Нет, друзья, не с вашей. Для такого человека мир составлен не из географии, а из времени года. Вышел летом на работу – липа цветет, хорошо. И по качеству, по силе, его чувства ничем не отличаются от тех, что вы испытываете, глядя на собор или морскую волну. Пчела села на одуванчик – самолет взмывает ввысь. Съел помидор на даче – покупка миниатюрной Эйфелевой башни на сувенир. Выкупался в озере на закате – краб укусил до крови на лазурном песке Карибского бассейна. Деревья в снегу – чем не Шварцвальд, поле васильками раскинулось – альпийские луга.

Но, но, ведь это так доступно! За это не нужно платить деньги, никуда не надо лететь, слышать, как лепечут другие языки, познавать чужую культуру! «А свою-то ты познал?», - спросит домосед, и уйдет, уже зная ответ. Глупо думать, что нельзя ничего создать – ничего не видя. Слепые тому подтверждение. Страшно другое, можно видеть – и ничего с этим не делать. Привезти домой толстый фотоальбом, показать раз триста соседям, пока самим не надоест. И достанут его с антресолей только после ваших похорон.

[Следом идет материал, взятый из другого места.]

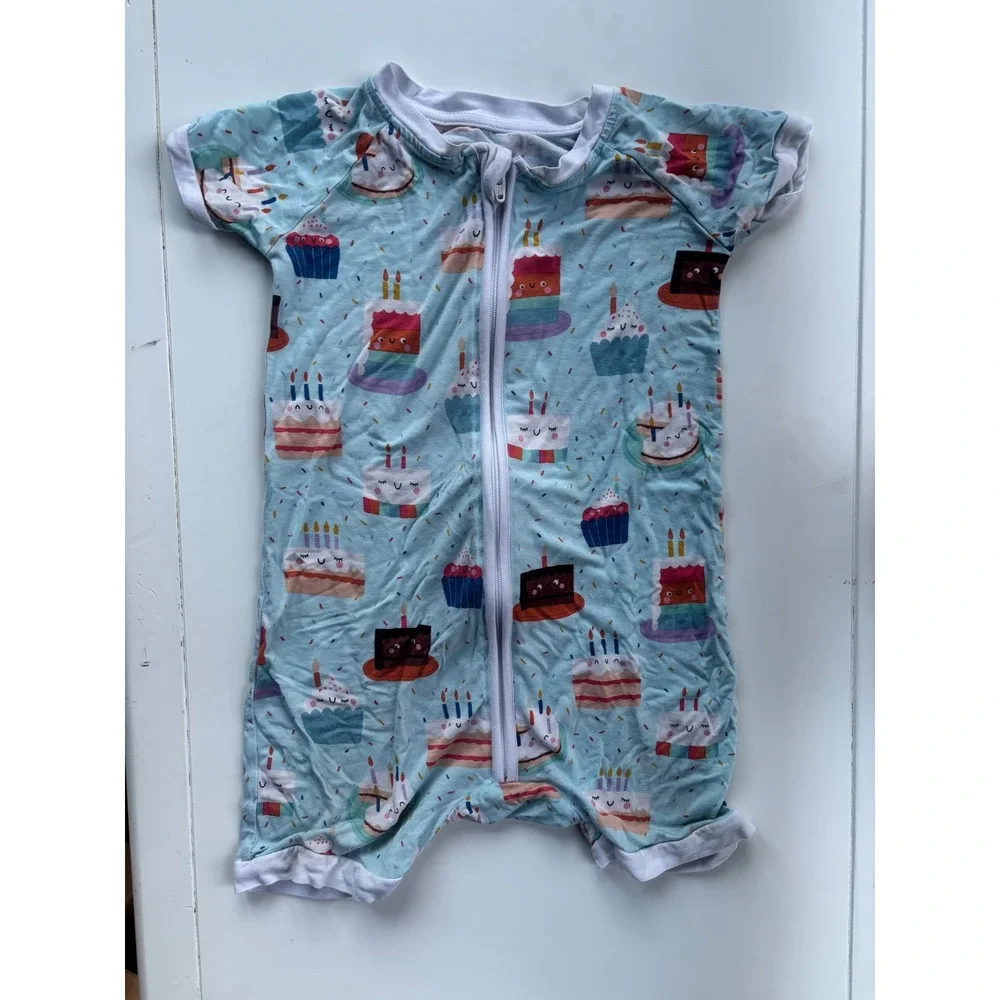 Little Sleepies Birthday Cake Bamboo Shorty Zippy Romper 18-24M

Есть очарование в размеренной жизни. В способности так вылить на противень подсолнечное масло, чтобы на секунду показалось шипящая мордочка. Разглядеть в небе не только корабли и слонов, а целые баталии облаков, вступающих в схватку с темнотой на горизонте. Почувствовать сквозь сон, как летит по ветру лепесток вишни, упирается в москитную сетку и тает, а наутро найти его там, рядом с перевернутым майским жуком, играющим на невидимой гитаре лакированными лапками. Вот – ценность жизни, где события не связаны с глобальным перемещением, где океан – над головой, а любое здание, пусть и "хрущевка" – античный храм, а вытряхивающая коврик необъятная Нинка – кариатида этого храма.

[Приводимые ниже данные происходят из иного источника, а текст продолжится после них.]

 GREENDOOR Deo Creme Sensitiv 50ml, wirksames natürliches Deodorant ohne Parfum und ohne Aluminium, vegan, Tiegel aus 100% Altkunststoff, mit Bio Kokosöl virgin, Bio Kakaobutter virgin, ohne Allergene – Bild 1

«Но мы тоже так можем» - скажут странники. Нет, не можете. Когда человеку становится мало здесь, то значит, что и там ему будет мало, и везде ему будет мало. Такой помнит в какой цвет стены отеля были окрашены и был ли кондиционер, а вот тишину курортного города не вспомнит, не застал он ее, проспал. А местные жители знают об этой тишине, когда море посредством звука стучится легонько в двери, и обретает форму с помощью штор. Туземцы, вообще, по большей части, домоседы. И чего же так не получается, что мы к ним, а они к нам, ведь должна же надоесть когда-то такая красота? Ан нет, может в другом дело, не только в том, что мир кружится вокруг туристов? Да кто же признает, неуютно ведь становится, да?

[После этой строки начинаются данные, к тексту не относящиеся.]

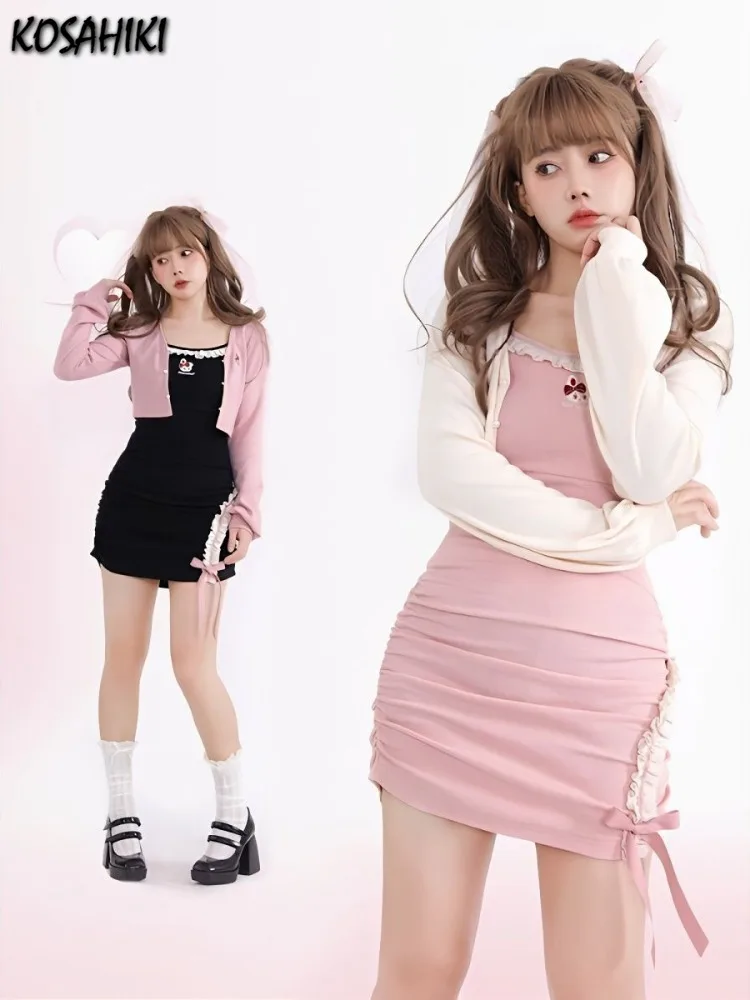 Cropped Solid Cardigan + Slim Embroidery Bandage Dress Women Autumn Y2k Aesthetic Two Pieces Set Streetwear Kawaii Cute Outfits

В любом случае странник скажет: «Бред сивой кобылы». Или: «Они еще пожалеют, что так глупо распоряжались своим временем». «Они, в конце концов, мира не видели, людей не знали, да и с чем им сравнивать эту реальность, ну вот серьезно?». Домосед же встанет с кресла, отложит книгу и предложит учтиво: «Пустырника налить?».